=== Section Start ===
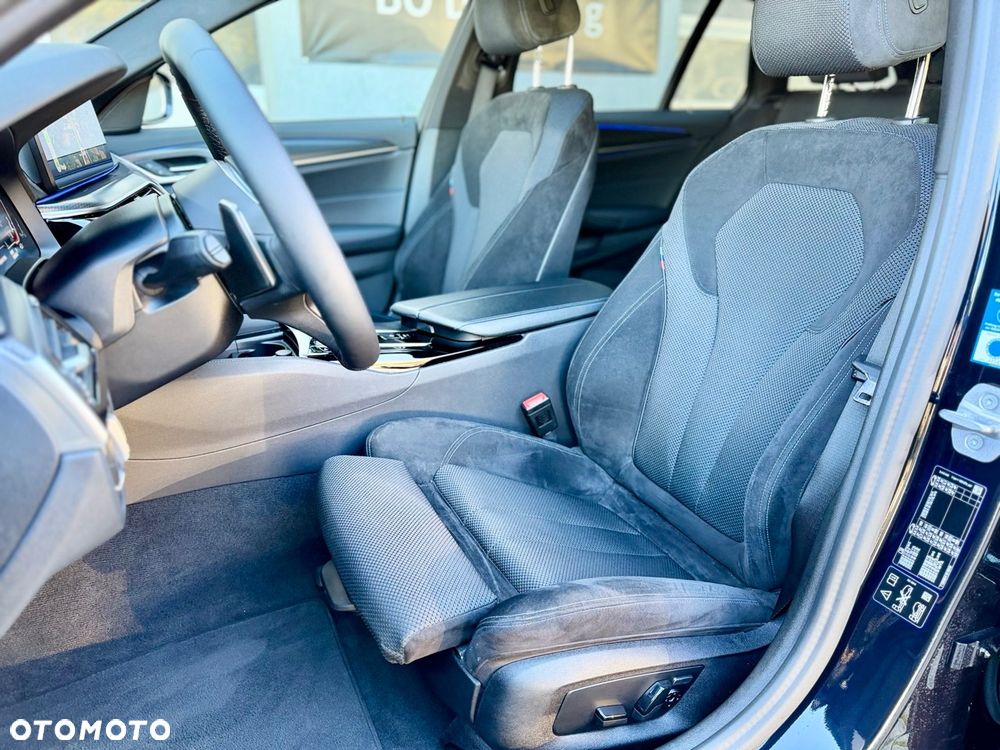 BMW Seria 5 520d xDrive Touring M Sport Edition - 14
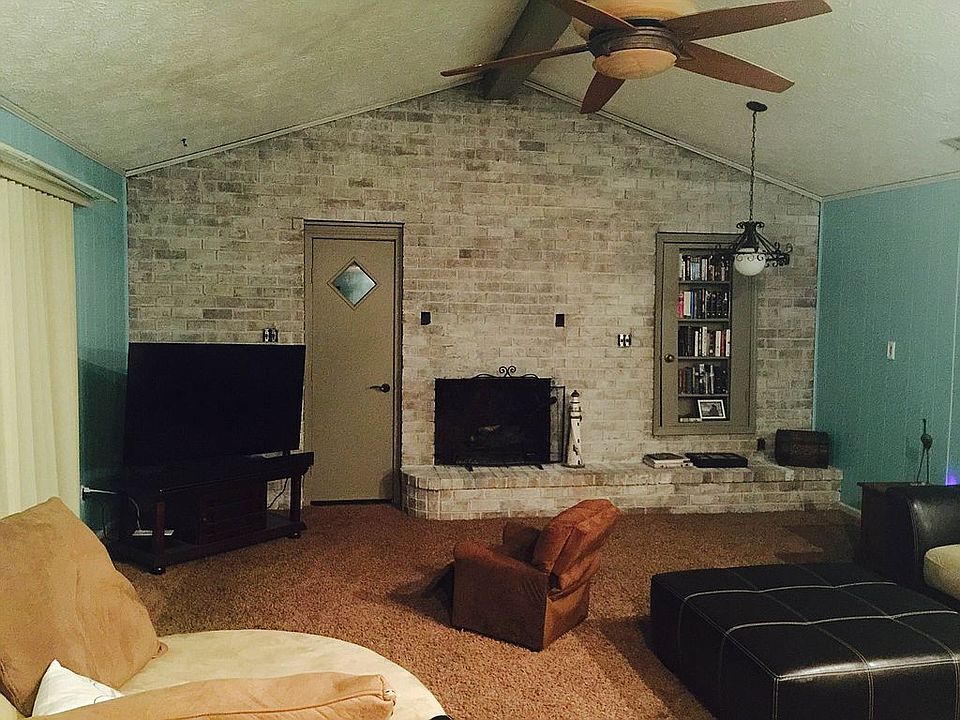 2nd image of 1501 Estates Way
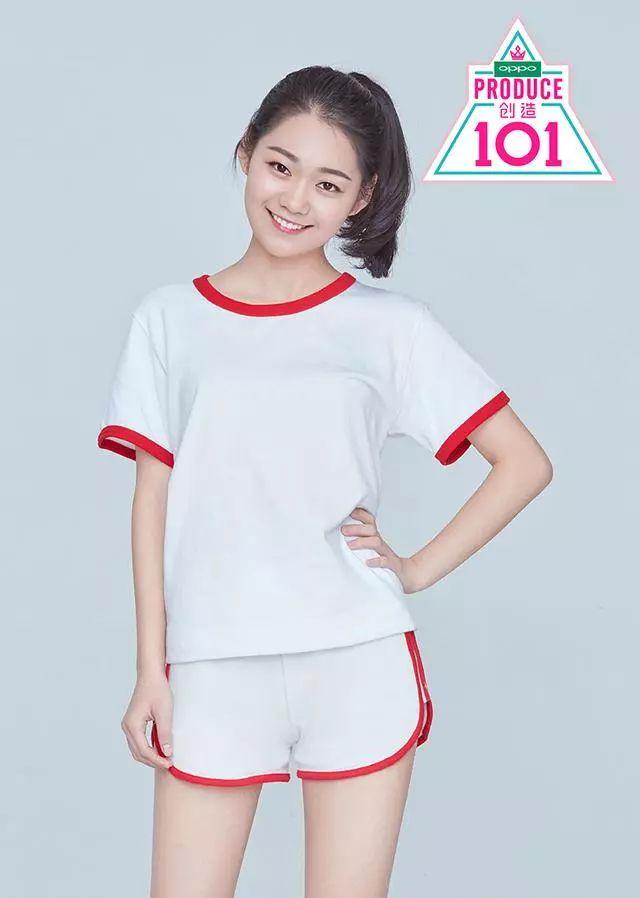 冯希瑶和段奥娟一样拥有天籁般的嗓音,而且两人长的也很像,肉肉的圆脸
=== Section End ===
TASK TO COMPLETE: Copy out exactly, without any pictures, the lines above that begin at the one with "2nd image of 1501 Estates Way" and end at the last line of the listing.

ANSWER TO THIS PROBLEM:
 2nd image of 1501 Estates Way
 冯希瑶和段奥娟一样拥有天籁般的嗓音,而且两人长的也很像,肉肉的圆脸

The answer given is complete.